#### Directions for this task:
Could you give back every entry below exactly, with the pictures dropped?
**********
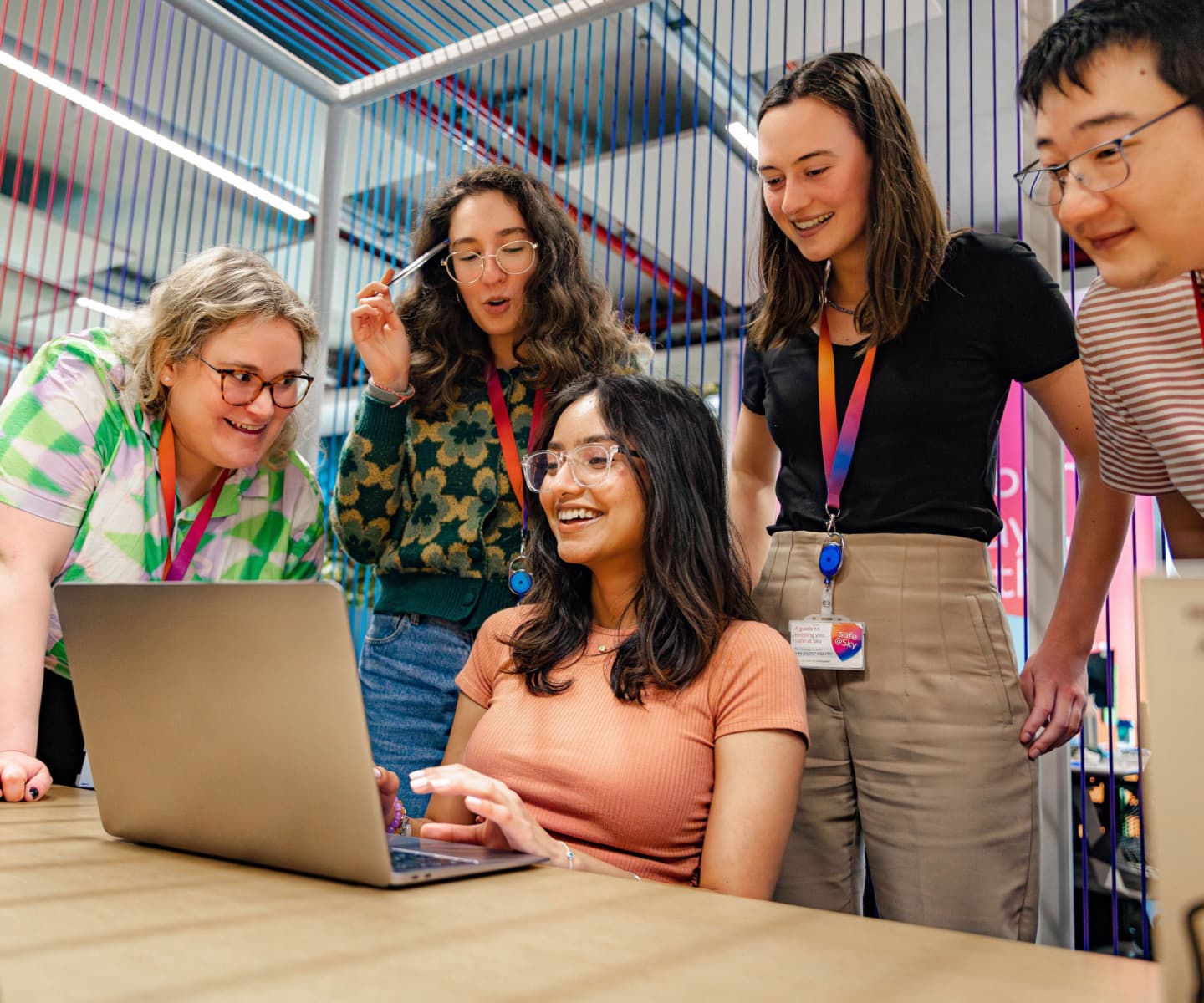 Five team members gather around a laptop, smiling and engaged in a creative, colorful workspace.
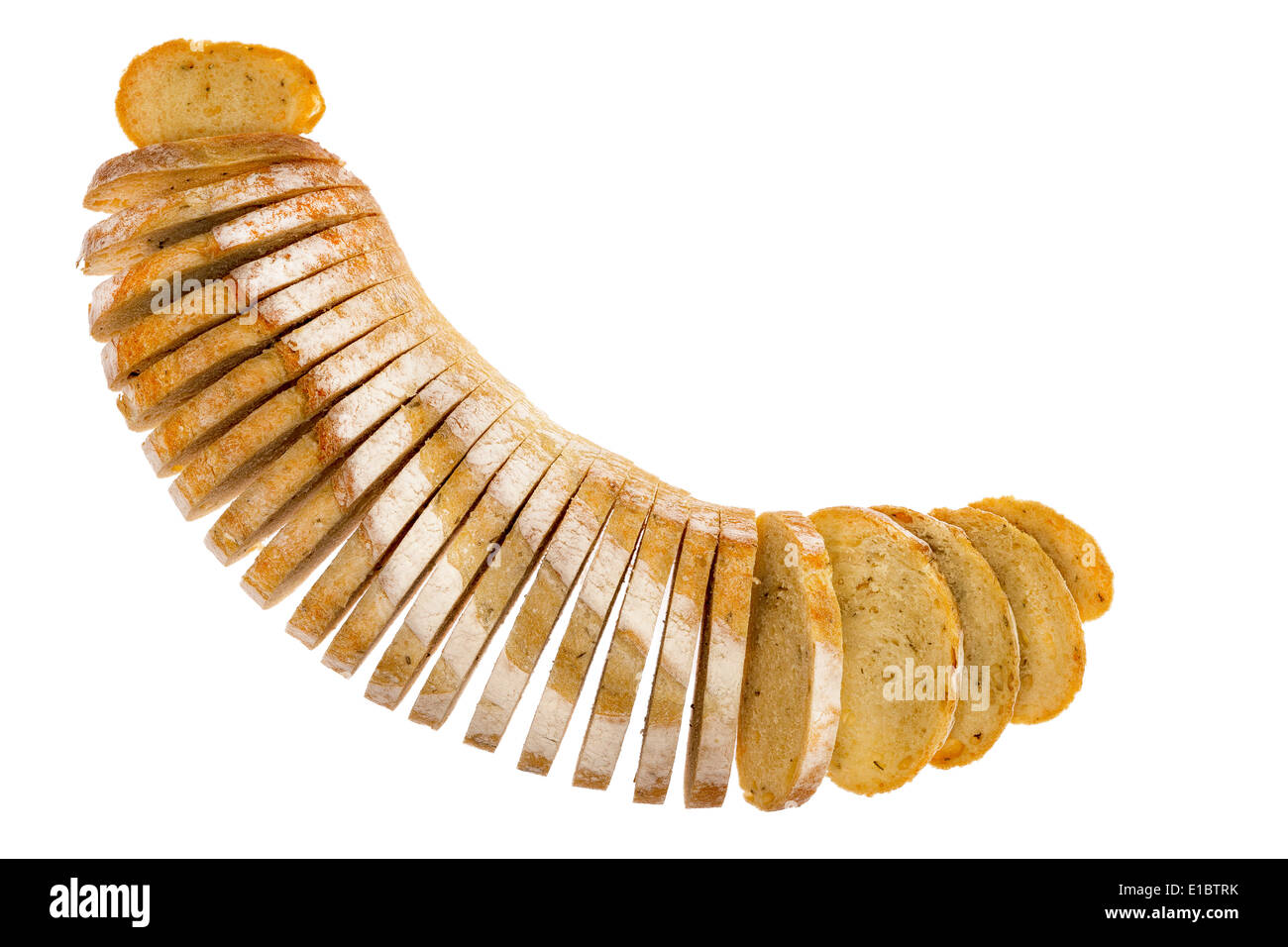 Fresh loaf of sliced rosemary and potato bread arranged in a crescent shape with the slices splayed, viewed from above isolated Stock Photo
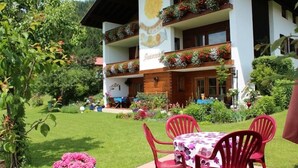 Un hotel con patio giardino, posti a sedere all'aperto e un cartello che indica 'Rauereck'.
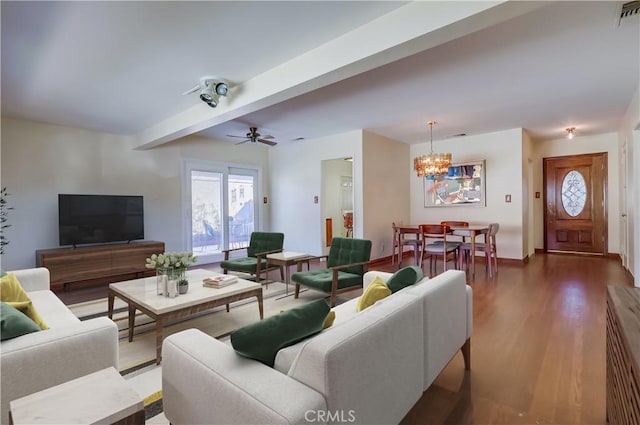 living area with ceiling fan with notable chandelier, beamed ceiling, wood finished floors, and visible vents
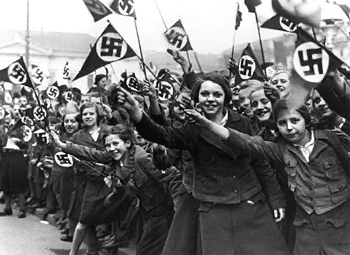 Hitler Youth: Girls with swastika
                          flags in BDM association [who does not take
                          part will kicked out]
**********
#### Answer for this exercise:
 Five team members gather around a laptop, smiling and engaged in a creative, colorful workspace.
 Fresh loaf of sliced rosemary and potato bread arranged in a crescent shape with the slices splayed, viewed from above isolated Stock Photo
 Un hotel con patio giardino, posti a sedere all'aperto e un cartello che indica 'Rauereck'.
 living area with ceiling fan with notable chandelier, beamed ceiling, wood finished floors, and visible vents
 Hitler Youth: Girls with swastika
                          flags in BDM association [who does not take
                          part will kicked out]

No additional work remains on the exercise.